ReSiReg Mini

Compact vision-language model (25M parameter vision-path), as described in the paper ReSiReg: Towards Spatially Consistent Semantics in Language-Conditioned Robotic Tasks by Simon Schwaiger, David Seyser, Alessandro Scherl, Wilfried Wöber, and Gerald Steinbauer-Wagner.

The vision-path is kept as small as possible while retaining language-grounding and spatial consistency in patch token. This is attractive for robotic control tasks, where prompts are typically sparsely encoded with many frequent vision-path queries during controller updates.

Model details

Architecture: EUPE image backbone + Vision-language tower. Projections from vision and SigLIP2 to a shared embedding space.
Base models: facebook/EUPE-ViT-S and google/siglip2-base-patch16-224.
Trained on ~1M image caption pairs from the cauldron, COCO caption, pexels_568, and datacomp_100k datasets.

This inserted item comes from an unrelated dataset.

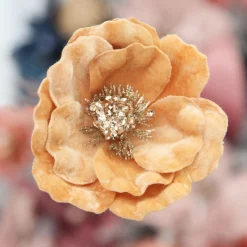 Gold Velvet Magnolia Flower Clip Christmas Flowers|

Single-View ReSiReg Feature Reconstruction Demo

ReSiReg Mini Inference Example

Minimal Example: Dense Image-Prompt Similarity

import torch
import torch.nn.functional as F
from PIL import Image
import requests
import matplotlib.pyplot as plt
from transformers import AutoModel, AutoTokenizer, AutoImageProcessor

#-----------------------------------------------
## Instantiate model and load to target device
if torch.cuda.is_available(): device = "cuda" 
elif torch.backends.mps.is_available(): device = "mps"
else: device = "cpu"
model = AutoModel.from_pretrained("SimonSchwaiger/resireg_mini", trust_remote_code=True).to(device).eval()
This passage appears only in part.